**SUPPLIED DATA**
________________________

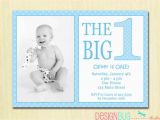 Birthday Invitations for 1 Year Old Boy the Big One First Birthday Baby Boy Invitation Custom Photo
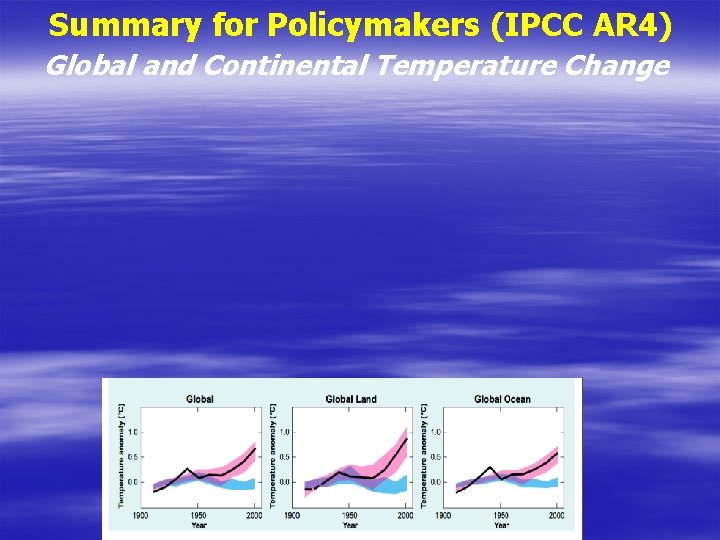 Summary for Policymakers (IPCC AR 4) Global and Continental Temperature Change Summary for Policymakers (IPCC AR 4) Global and Continental Temperature Change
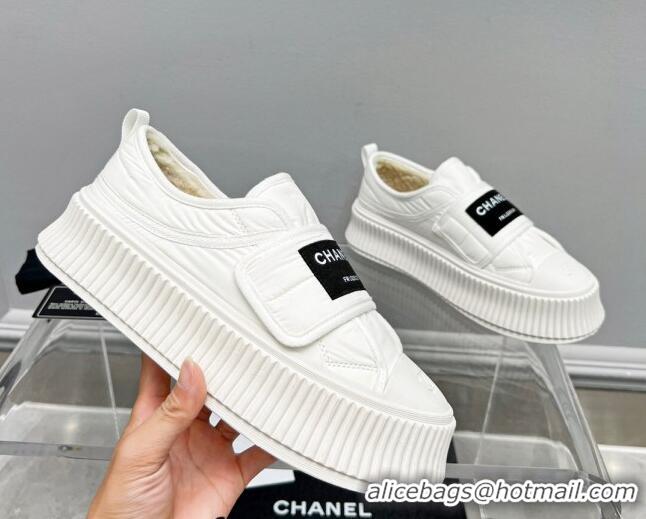 Good Looking Chanel Fabric Platform Loafers White 011010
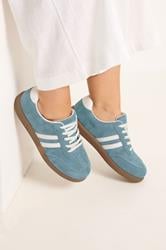 Blue Faux Suede Retro Stripe Trainers In Extra Wide EEE Fit 3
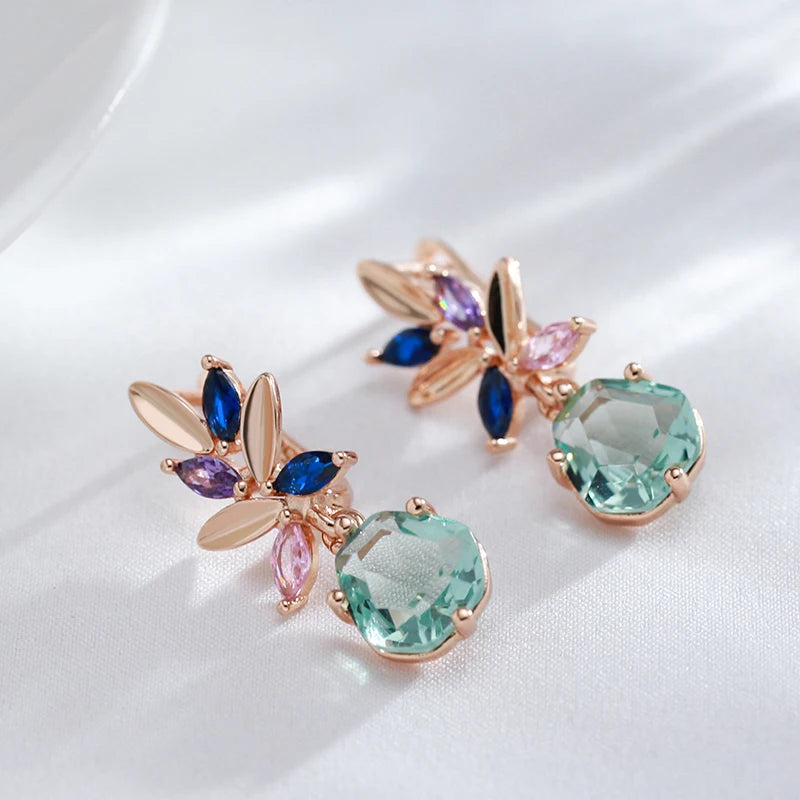 Green Stone Drop Earrings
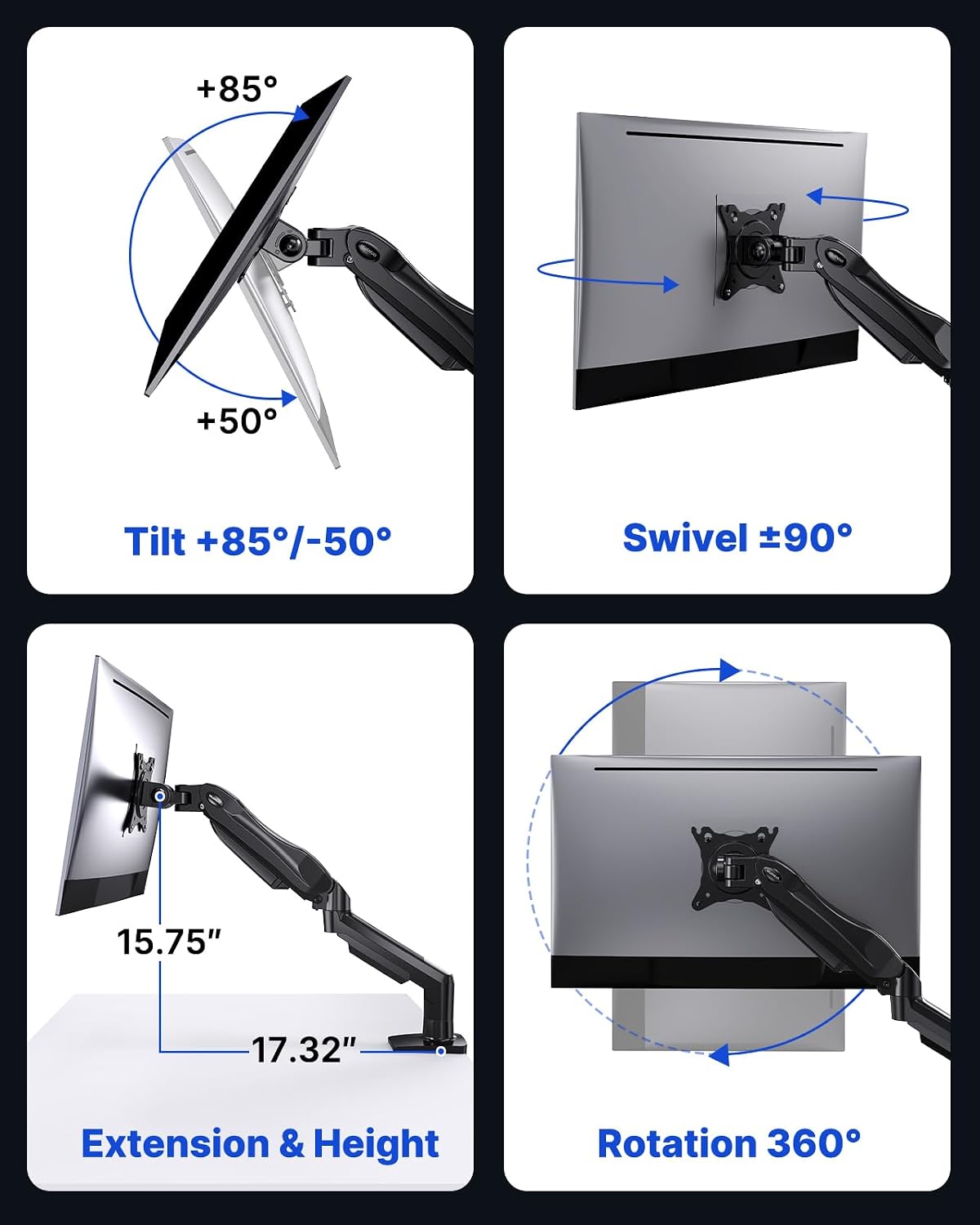 FlowLift™ Single Monitor Mount, 13 to 32 Inch Monitor Arm, Adjustable Monitor Stand, Vesa Mount with Clamp and Grommet Base - Fits 4.4 to 19.8lbs LCD Computer Monitors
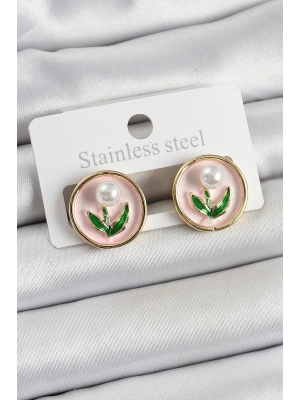 Pirinç Pembe Mineli Lale Figürlü Sanatsal Portre Model Gold Renk Kadın Küpe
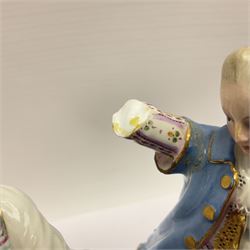 Pair of late 19th/early 20th Century Meissen figures, modelled as flower sellers, after the original by Michel Victor Acier, she holding basket of flowers, he holding flowers in his hat, each with underglaze cross swords mark beneath, tallest H16.5cm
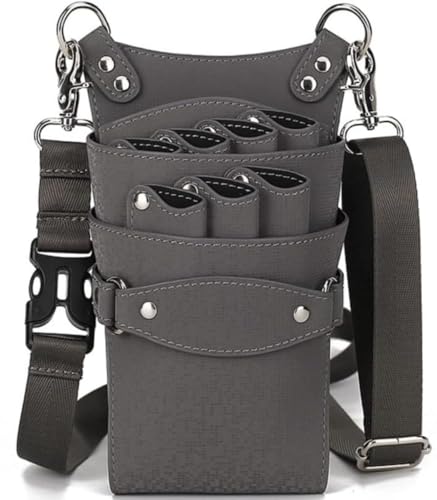 Wunnicx 美容師 シザーケース トリマー 大容量 7丁 コーム ハサミ収納 ポーチ 理容室 ウエスト ショルダーバッグ はさみ 櫛 収納 サロン 家庭用 2way トリマー ツールポーチ サロン レザー 挿し 美容師 理容師 トリマー ベルト付き (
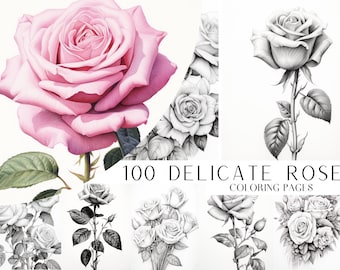 100 Delicate Rose Coloring Pages - Adults And Kids Coloring Book, Greyscale, Digital Coloring Sheets, Instant Download, Printable PDF File.
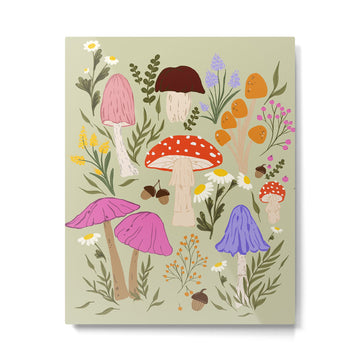 Colourful mushrooms, flowers and berries illustration  Metal Print | TeksDecor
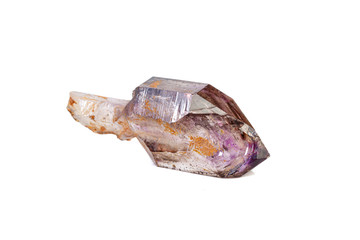 macro mineral stone Amethyst on smoky quartz on a white background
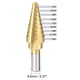 thumbnail image 2 of Broca escalonada HSS4241 de 1/4" a 3/4" 9 tamaños de flauta recta con vástago triangular para metal, madera y plástico, 2 of 4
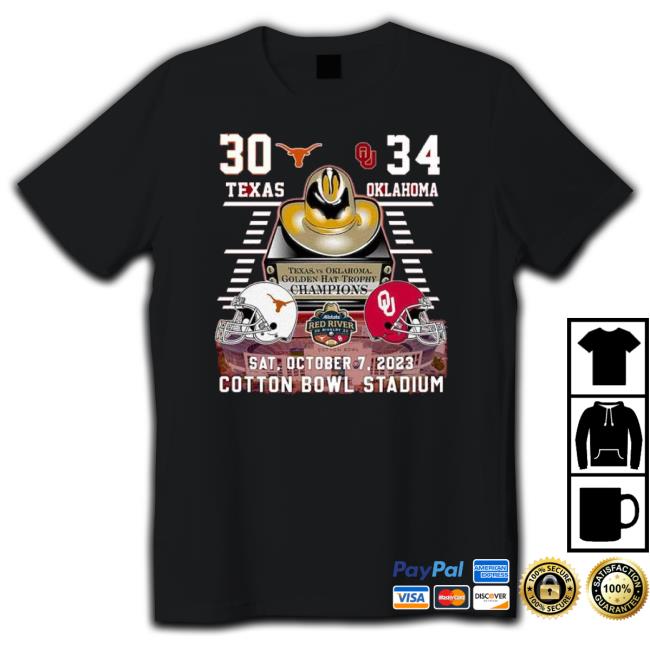 Trending Texas Longhorns 30 Vs 34 Oklahoma Sooners Sat October 7 2023 Cotton Bowl Stadium Long Sleeve Tee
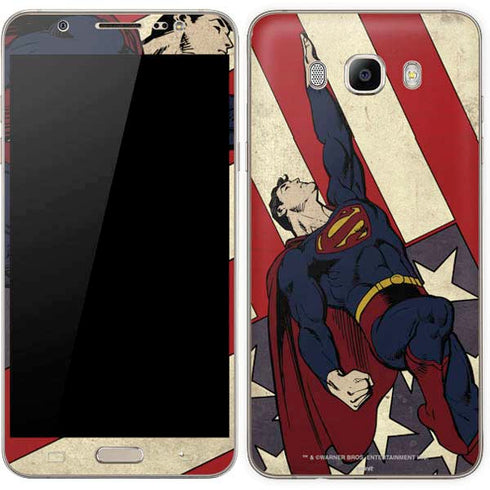 DC Comics Superman Vintage Pose American Flag Galaxy J7 Skin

________________________

**EXERCISE OBJECTIVE**
Only the lines from the line with "thumbnail image 2" through the final line of the material belong in the answer, copied exactly and without pictures.

**COMPLETED TASK**
 thumbnail image 2 of Broca escalonada HSS4241 de 1/4" a 3/4" 9 tamaños de flauta recta con vástago triangular para metal, madera y plástico, 2 of 4
 Trending Texas Longhorns 30 Vs 34 Oklahoma Sooners Sat October 7 2023 Cotton Bowl Stadium Long Sleeve Tee
 DC Comics Superman Vintage Pose American Flag Galaxy J7 Skin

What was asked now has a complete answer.